The three other claims by Albright and Stricker appear to misunderstand decisions of the Joint Commission that give no particular benefit to Iran. The excess heavy water that Iran exported to Oman, for holding until it can be sold, was not counted against the 130-tonne limit on heavy-water holdings because once in Oman’s hands it is no longer available to Iran. A purchase of 32 tonnes by the US Department of Energy for use in non-nuclear applications was at fair market value, did not undercut any Canadian supplier and does not presage any ongoing purchase agreement that would legitimise Iranian heavy-water production. Iran would continue to produce heavy water anyway for its own requirements for a reconfigured Araq research reactor. Technical reasons would preclude slowing down production or stopping and restarting the plant.
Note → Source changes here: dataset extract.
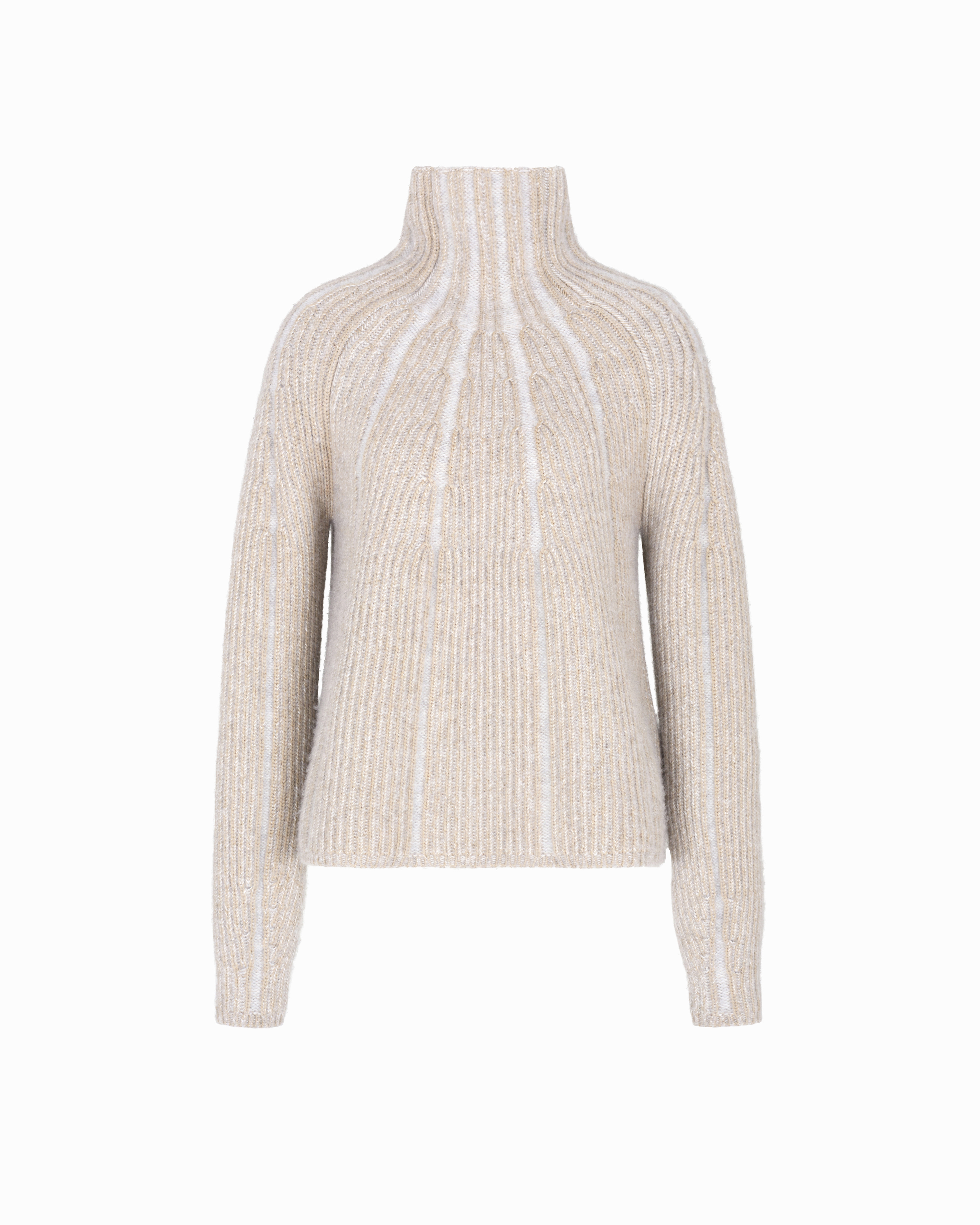 Giorgio Armani Virgin Wool, Cashmere And Silk Mock-neck Jumper In Neutral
The ISIS authors also find fault with a Joint Commission decision regarding hot cells that Iran has been using for medical purposes – but what is the problem here? The JCPOA anticipated that Iran would be allowed to operate some hot cells larger than those stated in the agreement. Iran reportedly asked for permission to operate 19 that were already in use. If they were joined together they could be used to separate plutonium, which the JCPOA prohibits, but they are located in several different medical facilities and are hence not a proliferation threat. The IAEA now has access to them, and probably is grateful to know where they all are, since Iran was not previously required to declare hot cells that were not used for nuclear material.
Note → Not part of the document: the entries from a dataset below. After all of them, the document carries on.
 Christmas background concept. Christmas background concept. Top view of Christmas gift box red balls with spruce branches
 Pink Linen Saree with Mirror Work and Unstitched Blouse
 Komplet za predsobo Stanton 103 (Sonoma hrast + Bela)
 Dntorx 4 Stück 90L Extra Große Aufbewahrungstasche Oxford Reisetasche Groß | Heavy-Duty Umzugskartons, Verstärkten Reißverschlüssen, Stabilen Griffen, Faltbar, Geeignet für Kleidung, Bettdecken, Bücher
One other claim by ISIS about 20%-enriched uranium in ‘lab contaminant’ is hard to understand, but as New Mexico-based chemist Cheryl Rofer suggests, may be related to trace amounts of this material that inspectors would likely find in laboratories while conducting environmental swipe sampling. If this is what is meant, it would be entirely reasonable to exclude such material from the limits.
It is useful for non-governmental experts such as those at ISIS to ask probing questions about JCPOA implementation. And it is frustrating when full answers are not forthcoming due to the confidentiality built into the agreement. State Department spokesperson John Kirby surely was himself frustrated that confidentiality rules precluded straight answers to some of the questions he was peppered with on 1 September. But to deride him for upholding the rules shows a strange lack of understanding by seasoned experts. Under the JCPOA, decisions by the Joint Commission are kept confidential unless all members agree otherwise. So far, even anodyne matters have not been released.
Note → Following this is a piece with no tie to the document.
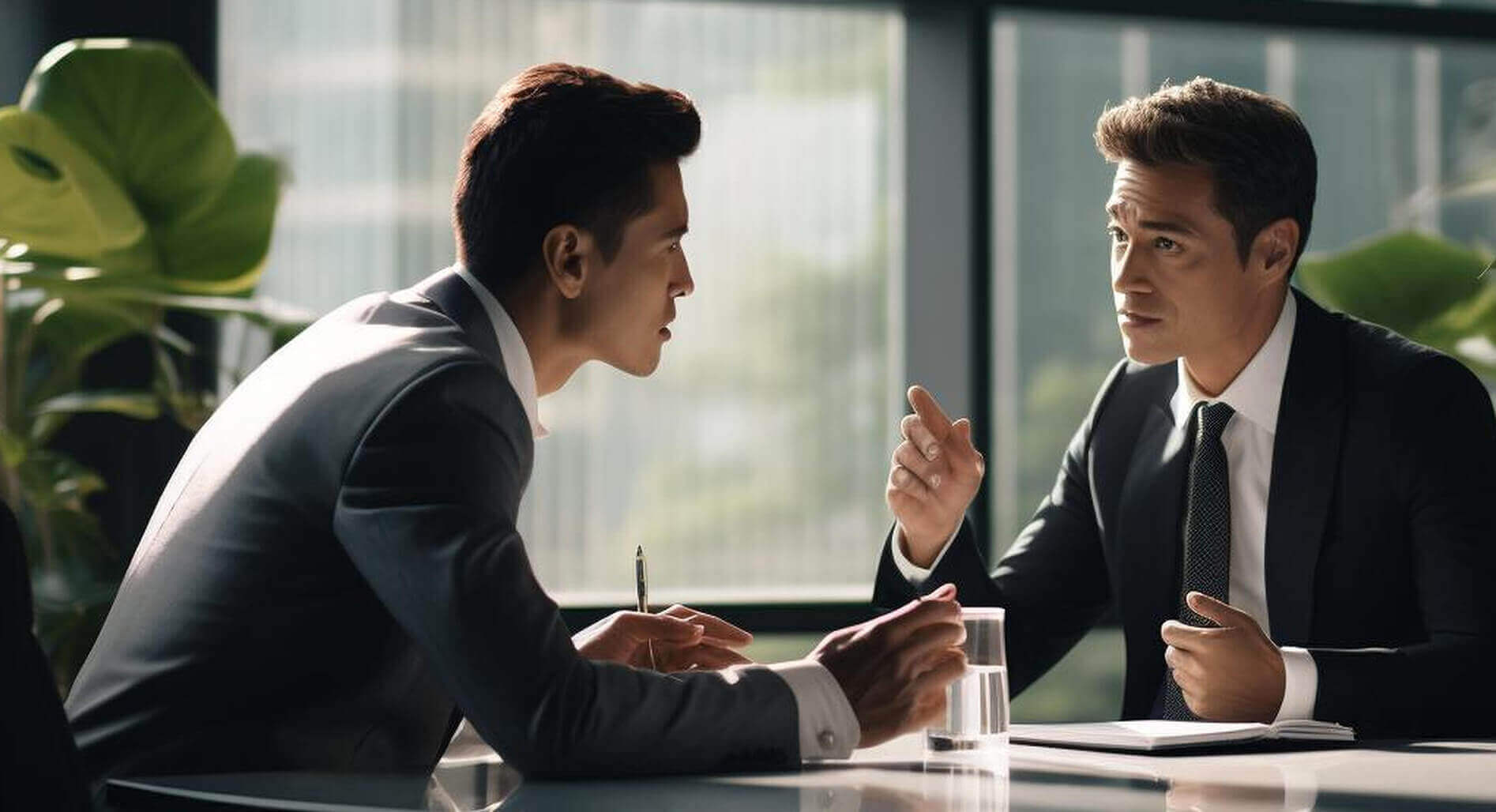 真剣に話し合っているスーツの男性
Iran apparently insists on confidentiality now in order to demonstrate its changed status. It no longer stands accused of violations under Security Council Resolution 2231 (2015), which replaced previous sanctions resolutions. Iran similarly insists on the information it provides to the IAEA being treated with ‘safeguards confidentiality’, the same as for other nations. One may call this a lack of transparency, but such confidentiality is important for the functioning of the safeguards system. Without it, states would be much less willing to cooperate with IAEA inspectors. Confidentiality does not mean complete secrecy, however. The US administration has briefed key members of the US Congress who, to their credit, have honoured the confidentiality requirement.
If decisions that clarified JCPOA limits were to materially affect the breakout times, then they certainly should be made public, or not be made at all. On the other hand, insisting that Joint Commission deliberations be transparent, come what may, would throw a monkey wrench into the gears. Total openness can impede effective diplomacy.
Mark Fitzpatrick is Executive Director, IISS-Americas.